I pity the academia turned politician, who, unlike some corrupt members have refused to introduce a contractor to execute the project to ensure his kickbacks.
This time around, it is not a case of the lawmaker collecting the fund through proxy, without executing the project.
I insist that the misnomer started from the conceptualisation of the projects. How on earth can a borehole water project in one remote community be put in the budget of the Federal Ministry of Power, Works and Housing? Is it a power plant, federal highway or massive low cost estate?
Our lawmakers should redirect their thoughts, these reports are embarrassing and least expected from a gathering of educated people.
On the other hand, Chika debacle has exposed the other side of corruption in the execution of constituency intervention projects, he has been able to establish that not all lawmakers are directly or indirectly involved in the execution of these projects, hence, some opportunists in government ministries and agencies feed fat on the funds.
Incredible revelation from legislative investigation.
Sometimes I wonder what the rots in government would be if there were no legislative oversight.
I know many would at first disagree with my position on this, but ‘let me die before you bury me’.
An ad-hoc committee of the House of Representatives investigating oil revenue leakages and the activities of the Department of Petroleum Resources (DPR), recently discovered that Sterling Global Oil Resources Limited a sister company of Sterling Oil Exploration and Energy Production Company, has no record of royalty payment, and have been taking advantage of identity similarity to short-changing the government.

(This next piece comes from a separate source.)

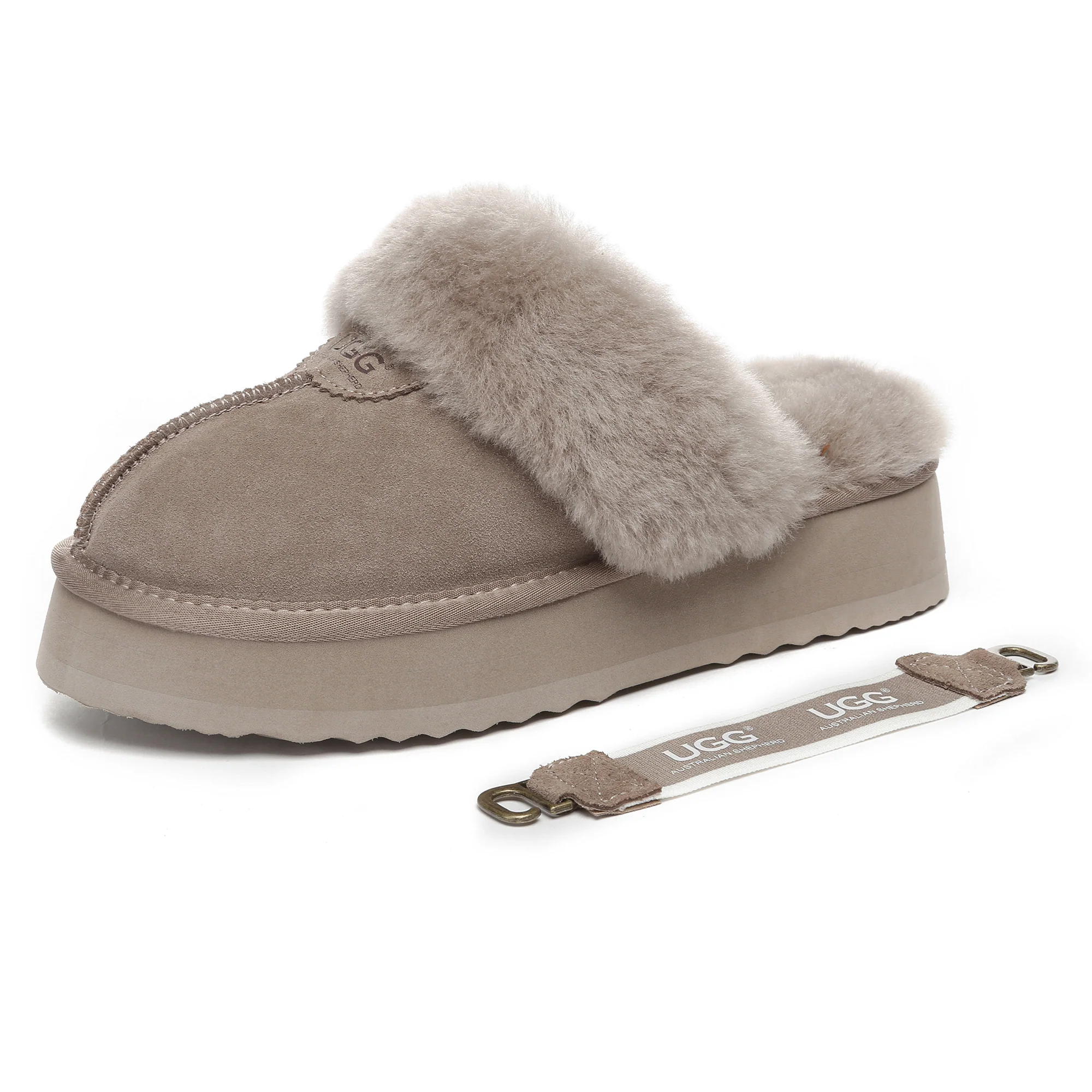 Beta Platform UGG Slippers - Image 29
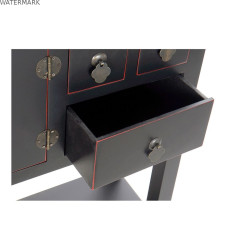 Meuble d'Entrée DKD Home Decor Noir 95 x 24 x 79 cm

Also, the sister company which has record of payment is indebted to the government up to about $30m, this is just a case among many.
Here is my argument, the parliament, entertains motions on everything that concerns government and its regulations, and could investigate any matter it deems fit. This in effect means that corrupt government agencies or cooperate organisations could bribe some corrupt lawmakers, or even all the lawmakers. But such agency or organisation should be prepared to continue with the bribery each time another House is constituted, the House has no limit to its investigation and issues will always be raised. Due to this, it is absolutely better for the agencies and cooperate organisations to abide by the laws and regulations and keep a clean record to avoid incessant inducement of young men and women who won’t even appreciate the largesse.
The many probes ongoing at the House of Representatives is a clear indication that government agencies have either connived with corporate organisations to short change the government, or they lack capacity to deliver on their mandate. Either ways, the lawmakers still deserve my commendation, as I hope that they would also minimise their compromise.